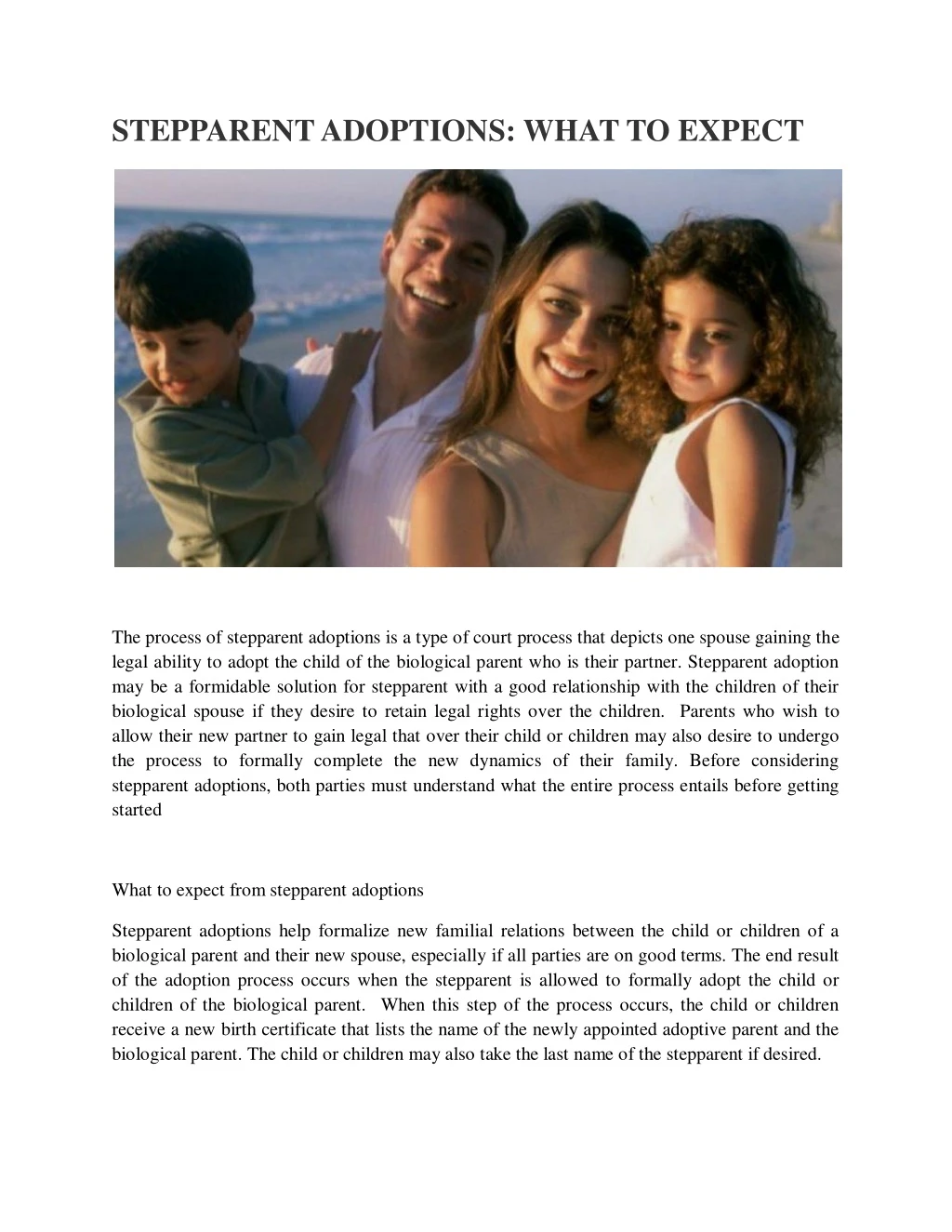 stepparent adoptions what to expect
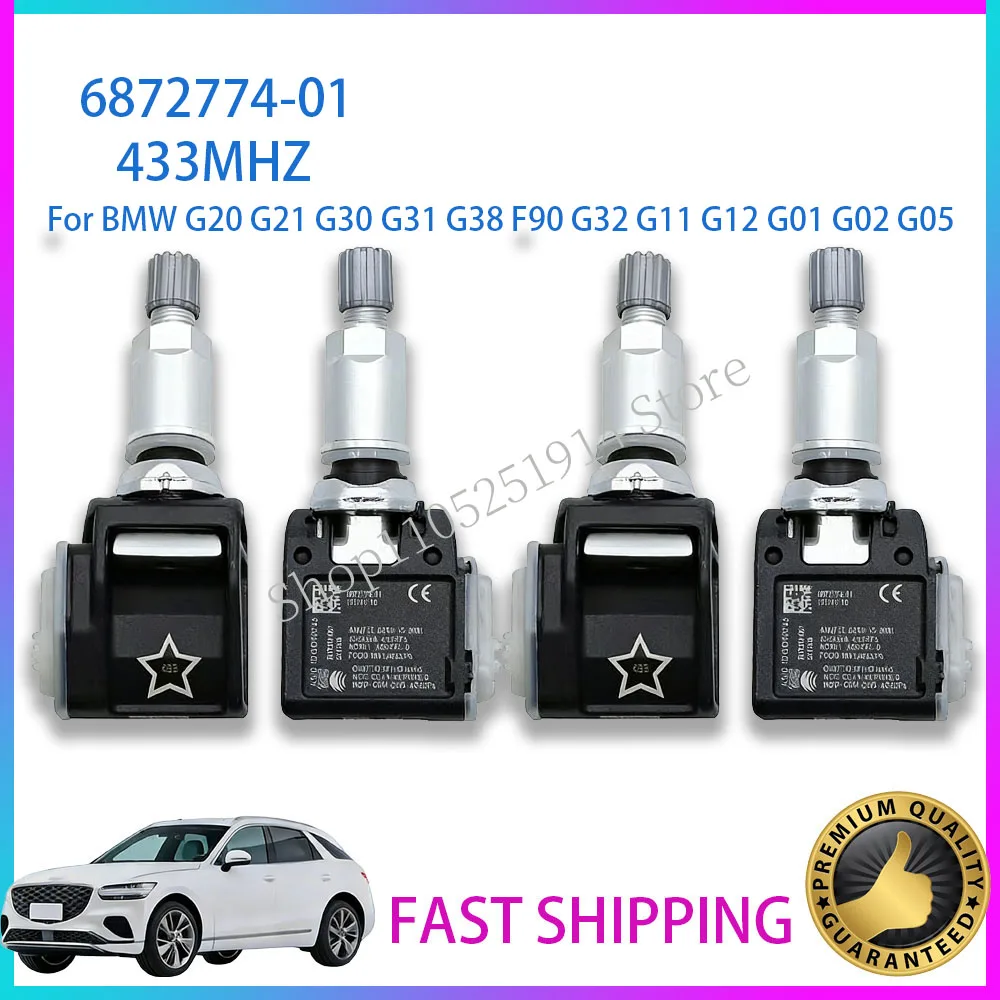 

Датчик контроля давления в шинах 6872774-01 для BMW G20 G21 G30 G31 G38 F90 G32 G11 G12 G01 G02 G05 433 МГц TPMS 36106872774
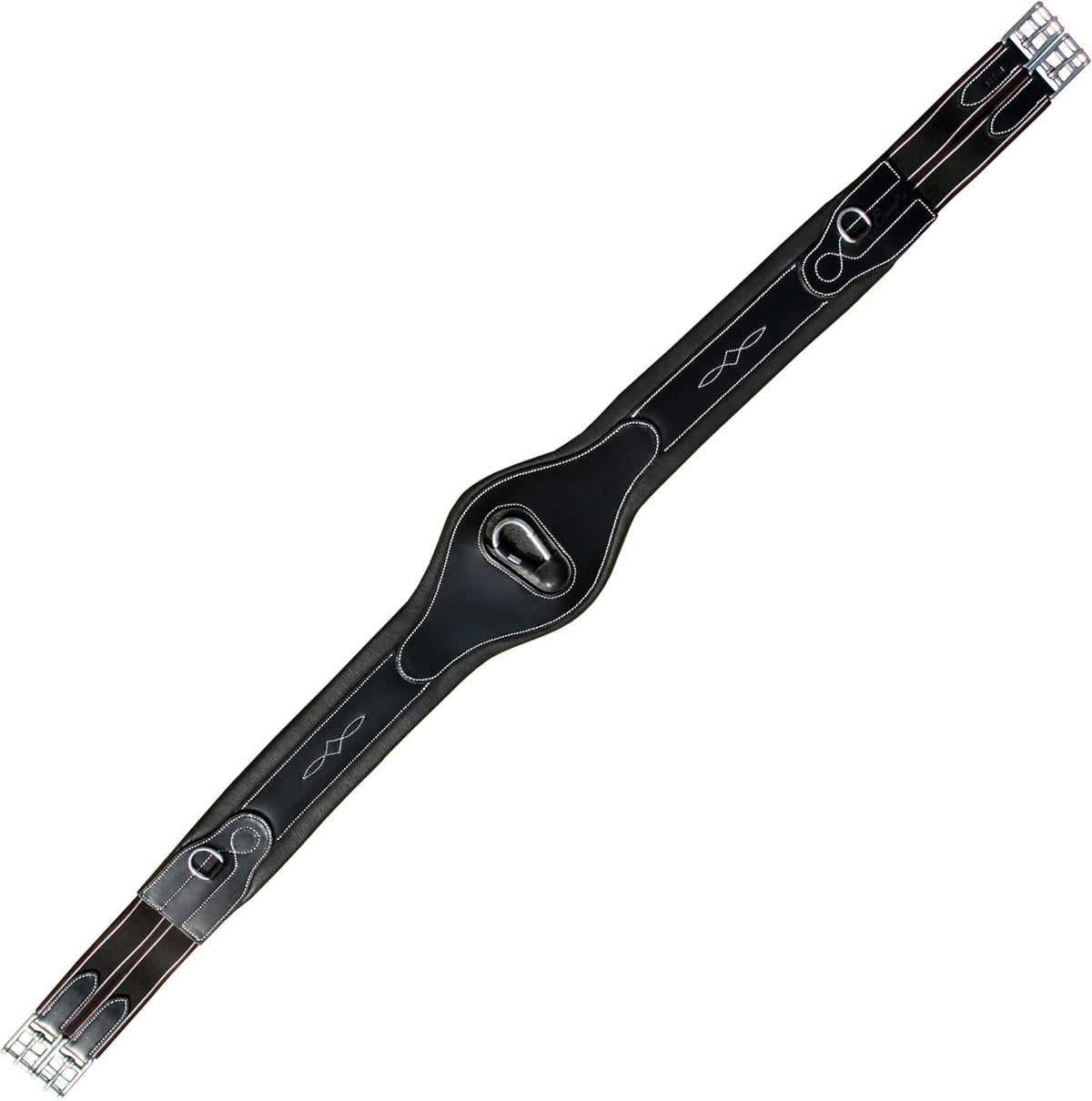 Exion Designer Anatomic Snap Over Lay Girth | Comfortable Leather Horse Girth for English Saddles |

───

Problem requirements
With the images excluded, reproduce the data above precisely as written.

Finished exercise
 stepparent adoptions what to expect

Датчик контроля давления в шинах 6872774-01 для BMW G20 G21 G30 G31 G38 F90 G32 G11 G12 G01 G02 G05 433 МГц TPMS 36106872774
 Exion Designer Anatomic Snap Over Lay Girth | Comfortable Leather Horse Girth for English Saddles |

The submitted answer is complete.